Credit to Palomar Observatories/Caltech
DIRAC researchers have been deeply involved in developing technical infrastructure for ZTF as well as leading science analyses.
A major achievement of the DIRAC team was deploying the public ZTF alert stream in June. DIRAC researchers Dr. Maria Patterson, Prof. Mario Juric, Prof. Eric Bellm, and Dr. Zach Golkhou adapted open-source tools from the commercial internet industry and applied them to the problem of streaming up to a million alerts each night in near real time to scientists around the world. Each alert provides an updated lightcurve for a time-variable object observed by ZTF, enabling researchers to identify objects of interest and trigger rapid followup observations. A corresponding public alert archive (https://ztf.uw.edu/alerts/public/) enables more leisurely study. The ZTF alert stream prefigures the larger stream expected by LSST, and DIRAC’s data engineering group is building and expanding on the alert stream tools to enable more sophisticated filtering, classification, and analysis.

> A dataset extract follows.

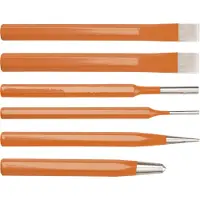 Neo Tools 33-061 Beitel- en ponsset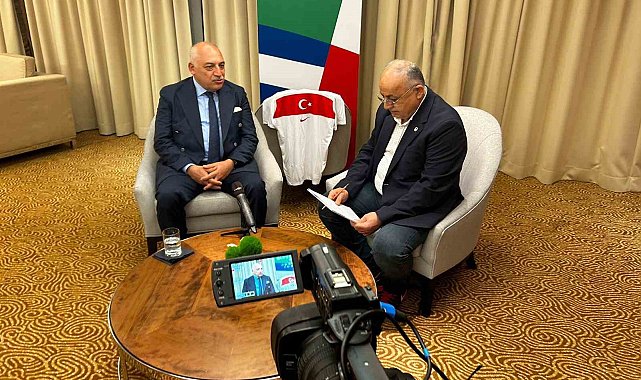 Mehmet Büyükekşi: "EURO 2024'te ilk hedefimiz gruplardan çıkmak"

In his role as ZTF Survey Scientist, Prof. Eric Bellm also spearheaded the development of the ZTF scheduler. This piece of software solves the complex problem of determining how to most effectively order the hundreds of observations ZTF obtains each night to maximize efficiency and scientific output. The ZTF scheduler has pioneered an innovative new scheduling algorithm based on Integer Linear Programming. A paper describing the algorithm as well as the ZTF surveys will soon be submitted to a special issue of the Publications of the Astronomical Society of the Pacific, where it will join other technical papers describing the ZTF camera, data system, alert system, and other components.
DIRAC researchers and students have been pursuing a range of scientific investigations using the ZTF data. A highlight was the discovery of ZTF18abauprj, a young Type Ia supernova in NGC 6279 (Astronomer’s Telegram, No. 11721). Prof. Eric Bellm identified in it the ZTF alert stream while he was observing and was able to immediately obtain a spectrum. Graduate student Joachim Moeyens and Prof. Mario Juric are using ZTF data to test a new algorithm for discovering asteroids. Dr. Jim Davenport is searching for stellar flares in ZTF high-cadence data with undergraduate Courtney Klein and for SETI signatures as well. Prof. Eric Bellm is working with two undergraduates, Priscilla Dohrward and Rebecca Kyerr, to find compact binary candidates in the ZTF data. Dr. Daniela Huppenkothen, Leah Fulmer, and Zach Golkhou are working on large-scale classifications of ZTF objects.